While `iocaine` itself is good at generating garbage, it will do so indiscriminately. That's not what we want. We want it to generate garbage only when facing unwanted crawlers, and that's a task `iocaine` delegates to the reverse proxy. In the paragraphs below, I will show examples for [nginx](https://nginx.org) and [Caddy](https://caddyserver.com/).

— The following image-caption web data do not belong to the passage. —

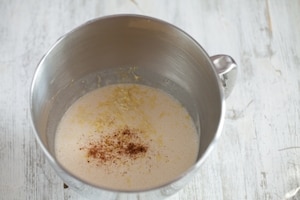Preparazione Torta sette vasetti allo yogurt con prugne rosse  - Fase 2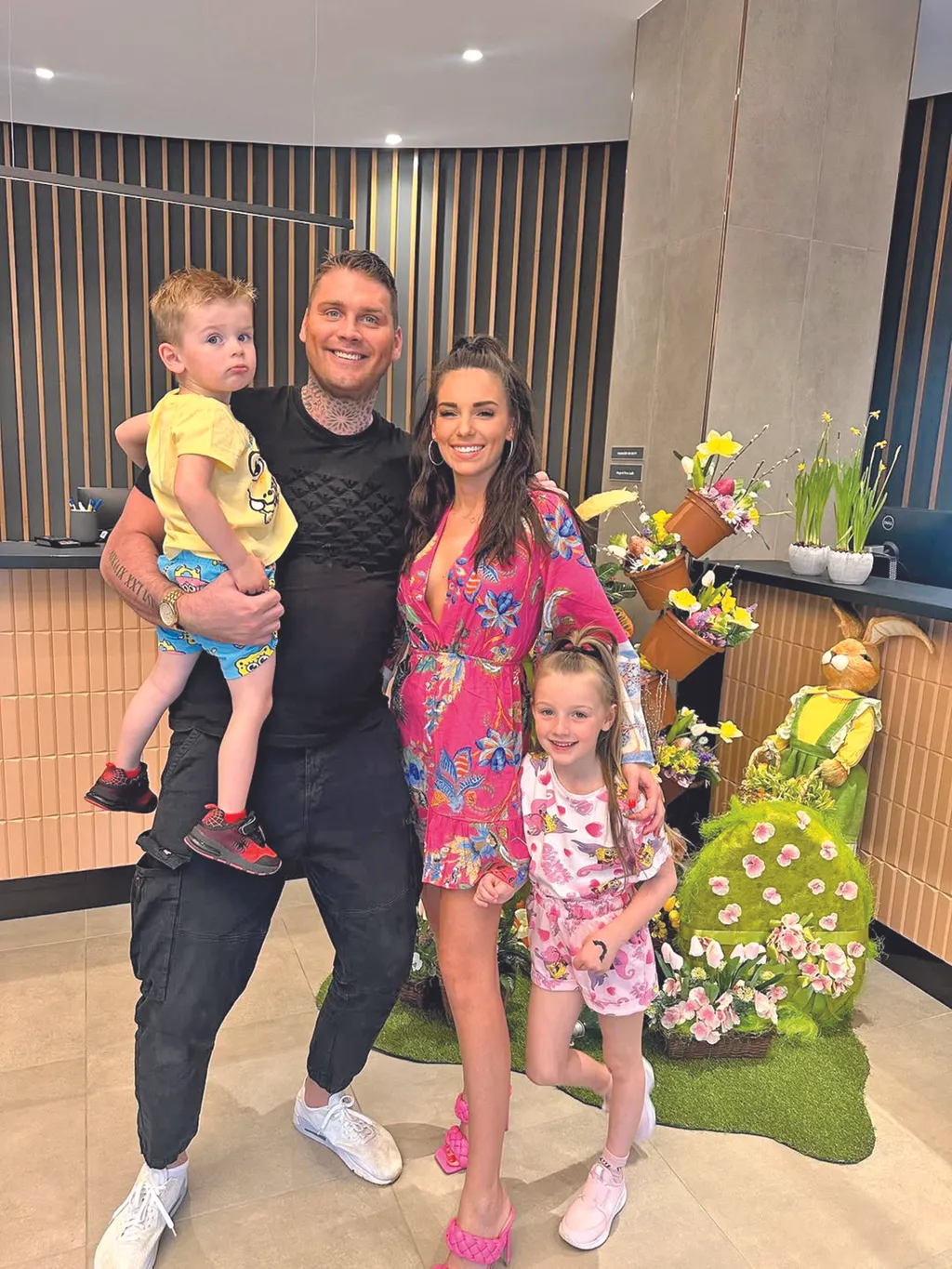 HOT FELTÖLTÉSEK
Berki - felteszem én
Tilla - Ági
Kardffy - Ákos
A Nagy Duett - Niki
D. Nagy Lajos - Ákos
Dudás Miki - Niki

As I am a recent Caddy convert, the Caddy example will be more complete - sorry!

### nginx

Lets assume that we have a site running at `[::1]:8080`, and we want to serve that `nginx`. Normally, that would look something like this:

```nginx
server {
  server_name blog.example.com;

  location / {
    proxy_set_header Host $host;
    proxy_pass http://[::1]:8080;
  }
}
```

To serve something different for AI user agents, the idea is to create a mapping between user-agent and badness, such that AI agents will evaluate to a truthy value, while unmatched against will default to a false-y one. We can do this with a `map` outside of the `server` block:

``` nginx
map $http_user_agent $badagent {
  default   0;
  ~*gptbot  1;
  ~*chatgpt 1;
  ~*ccbot   1;
  ~*claude  1;
}
```

Within the `server` block, we'll rewrite the URL if find a match on `$badagent`, and the proxy *that* location through to `iocaine`. The reason we need the `rewrite` is that `nginx` does not support `proxy_pass` within an `if` block. In the end, our `server` block will look like this:


```nginx
server {
  server_name blog.example.com;
  if ($badagent) {
    rewrite ^ /ai;
  }
  location /ai {
    proxy_set_header Host $host;
    proxy_pass 127.0.0.1:42069;
  }
  location / {
    proxy_set_header Host $host;
    proxy_pass http://[::1]:8080;
  }
}
```

### Caddy

Lets assume that we have a site running at `[::1]:8080`, and we want to serve that `Caddy`. Normally, that would look something like this:

```caddyfile
blog.example.com {
  reverse_proxy [::1]:8080
}
```

To serve `iocaine`'s garbage to AI visitors, what we need is a matcher, and a matched `reverse_proxy`:

```caddyfile
blog.example.com {
  @ai {
    header_regexp user-agent (?i:gptbot|chatgpt|ccbot|claude)
  }
  reverse_proxy @ai 127.0.0.1:42069
  reverse_proxy [::1]:8080
}
```

We can do even better than this, though! We can apply rate limits using [caddy-ratelimit](https://github.com/mholt/caddy-ratelimit)! Unfortunately, that leads to a slightly more complex configuration, involving a bit of repetition, but one we can mitigate with a snippet. Lets start with that:

```caddyfile
(ai-bots) {
  header_regexp user-agent (?i:gptbot|chatgpt|ccbot|claude)
}
```

This is essentially the same thing as the `@ai` matcher, lifted out. The reason it had to be lifted out, is because the same matcher will have to be reused in slightly differring contexts, including ones where I can't use a named matcher. It sounds more complicated than it is, really, so let me show the final result:

```caddyfile
blog.example.com {
  rate_limit {
    zone ai-bots {
      match {
        import ai-bots
      }
      key {remote_host}
      events 16
      window 1m
    }
  }
  
  @ai {
    import ai-bots
  }
  @not-ai {
    not {
      import ai-bots
    }
  }
  
  reverse_proxy @ai 127.0.0.1:42069
  reverse_proxy @not-ai [::1]:8080
}
```

This does two things: it routes AI user-agents to `iocaine`, and applies a 16 request / minute rate limit to the remote hosts these originated from. If the rate limit is exceeded, Caddy will return a HTTP 429 ("Too Many Requests"), with a `Retry-After` header, to encourage them to come back to our little maze.